Language Arts Stack
Marielle Lange
rp011s7075 at blueyonder.co.uk
Thu Jul 28 07:37:05 CDT 2005
Hi Mark,
> One solution is to create sentences that deal with subjects that
> the students are studying in school: science, art, music, history,
> government, etc. This is still pretty time consuming, but it is
> better than Zippy the Zebra : )
The BNC (British National Corpus, http://www.natcorp.ox.ac.uk/)
contains about 40 texts which were classified as having been written
for a child audience. It may be paying, but you should then have an
agreement for copyright clearance. (I don't know what the rules are
when borrowing two sentences from a text).
You may also find something useful at:
http://bowland-files.lancs.ac.uk/lever/index.htm (Lancaster Corpus of
Children's Project Writing). You probably cannot use the sentences as
such, but you can probably adapt them.
Other sites with resources about kids' language
http://childes.psy.cmu.edu/ Child Language Data Exchange System
(though they are mostly transcripts of oral conversation).

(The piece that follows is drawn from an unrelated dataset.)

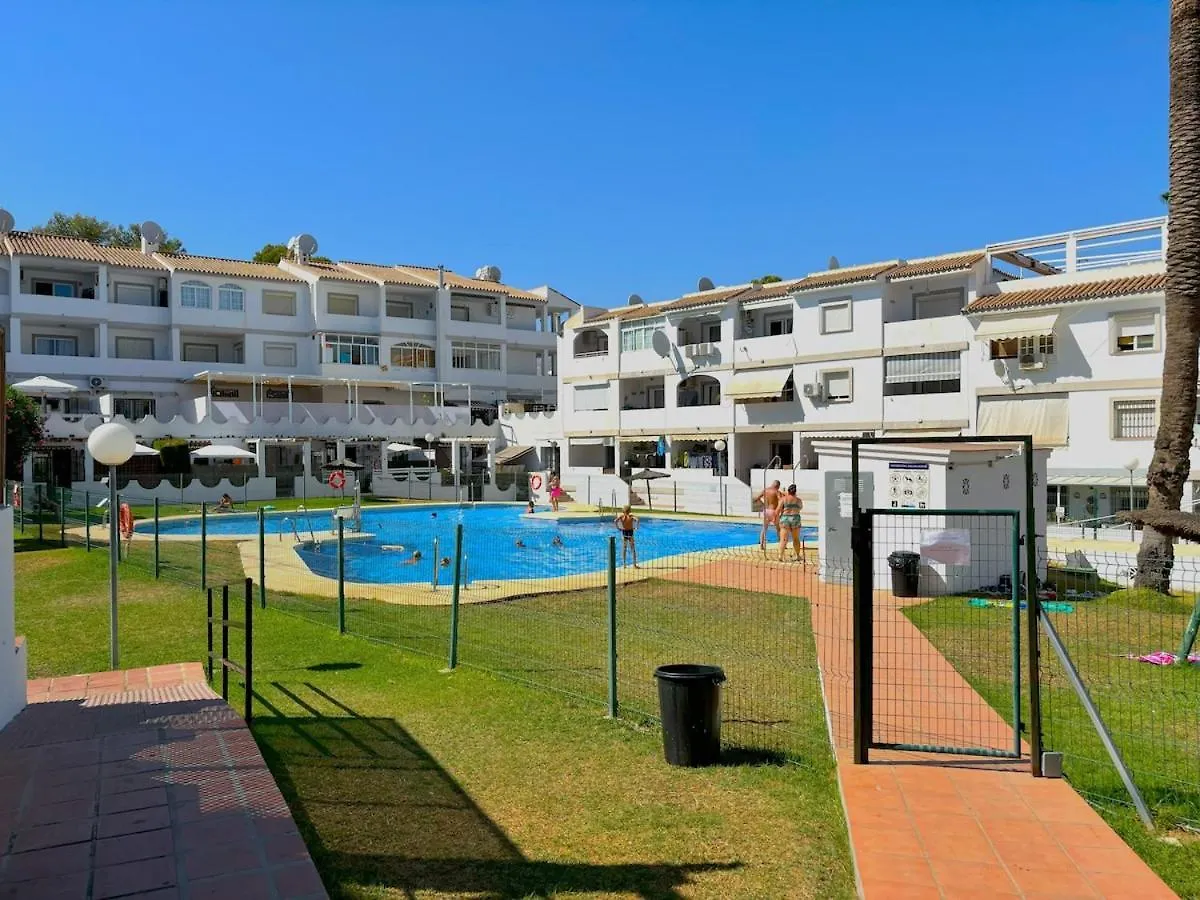 Evans Realty Bh Urb Colina Park & Piscina マラガ スペイン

http://www.essex.ac.uk/psychology/cpwd/ (children's printed word
database)
http://ioewebserver.ioe.ac.uk/ioe/cms/get.asp?cid=1076&1076_0=3521
(children early reading vocabulary).
http://www.tasaliteracy.com/wfg/wfg-main.html (the educator's word
frequency guide).
http://registry.dfki.de/ (natural language software registery).
They don't really have the resources you are after, but you may find
exactly what you need by mailing the managers of these resources.